WHAT NEEDS TO BE DONE = Reproduce the records below in full and word for word, excluding pictures.

Short text fragments from websites =
================

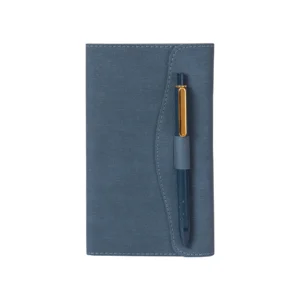 Premium PU Leather Diary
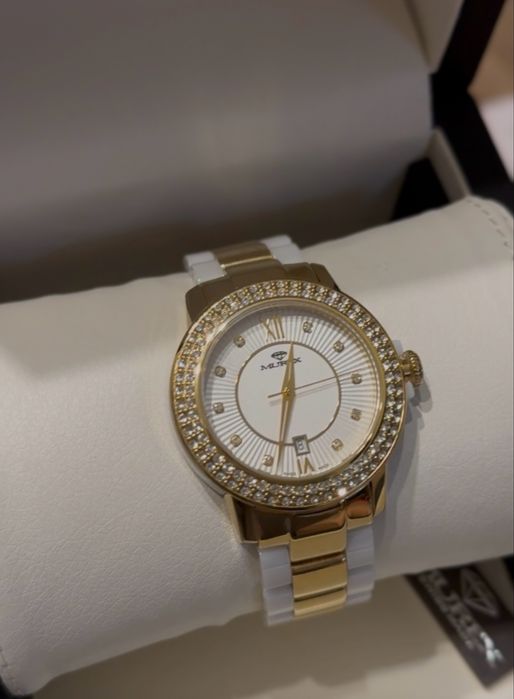 Murex швейцарски дамски часовник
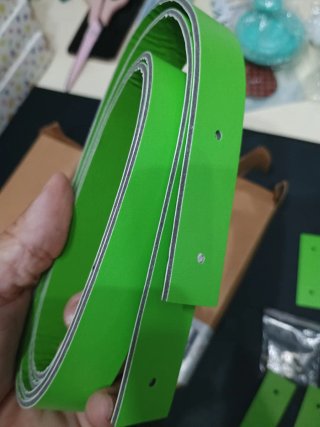 Lote asas para bolsos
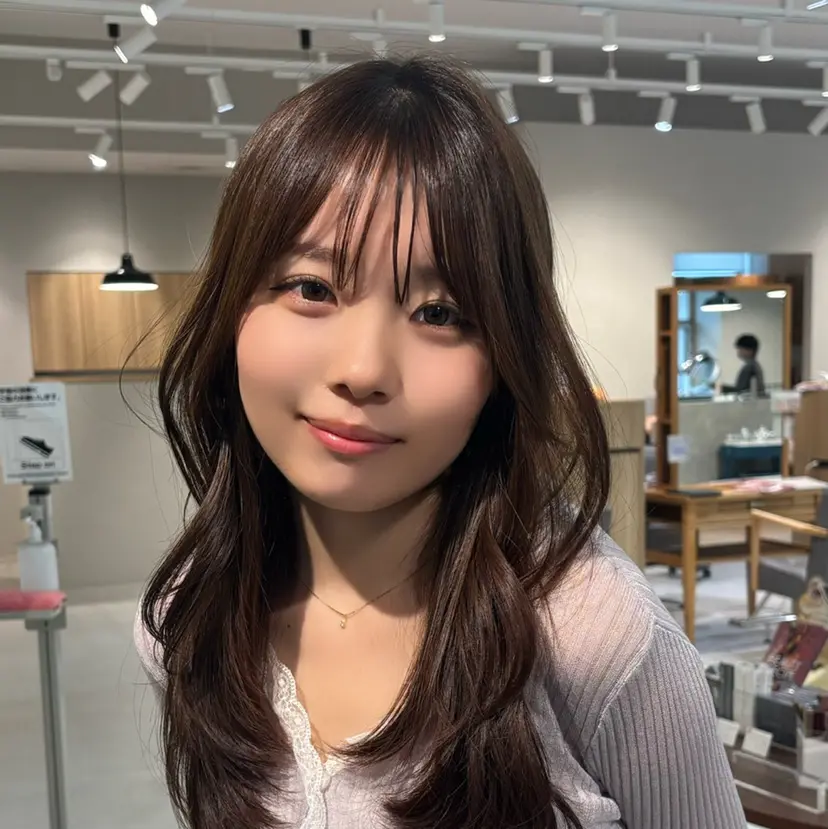 メンズパーマ/ レイヤー/大野真央の掲載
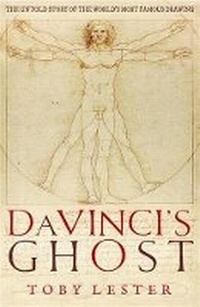 Enlarge image Cover: Da Vinci's Ghost - Profile Books Ltd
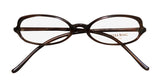 Vera Wang Luxe Fission Eyeglasses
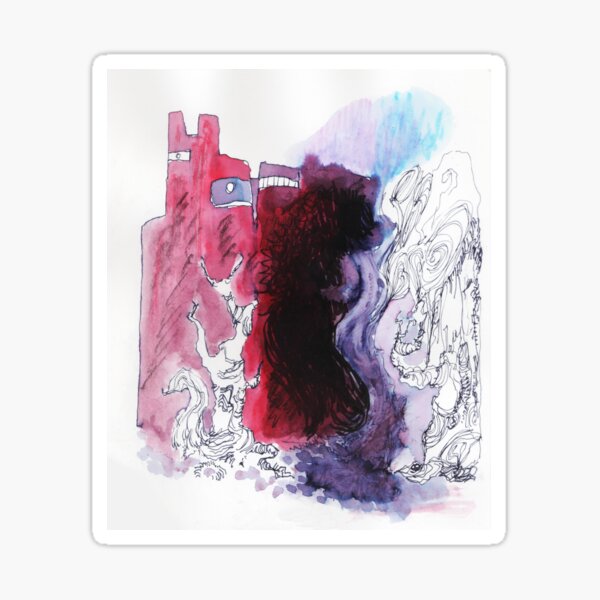 Untitled Sticker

================

THE ANSWER =
 Premium PU Leather Diary
 Murex швейцарски дамски часовник
 Lote asas para bolsos
 メンズパーマ/ レイヤー/大野真央の掲載
 Enlarge image Cover: Da Vinci's Ghost - Profile Books Ltd
 Vera Wang Luxe Fission Eyeglasses
 Untitled Sticker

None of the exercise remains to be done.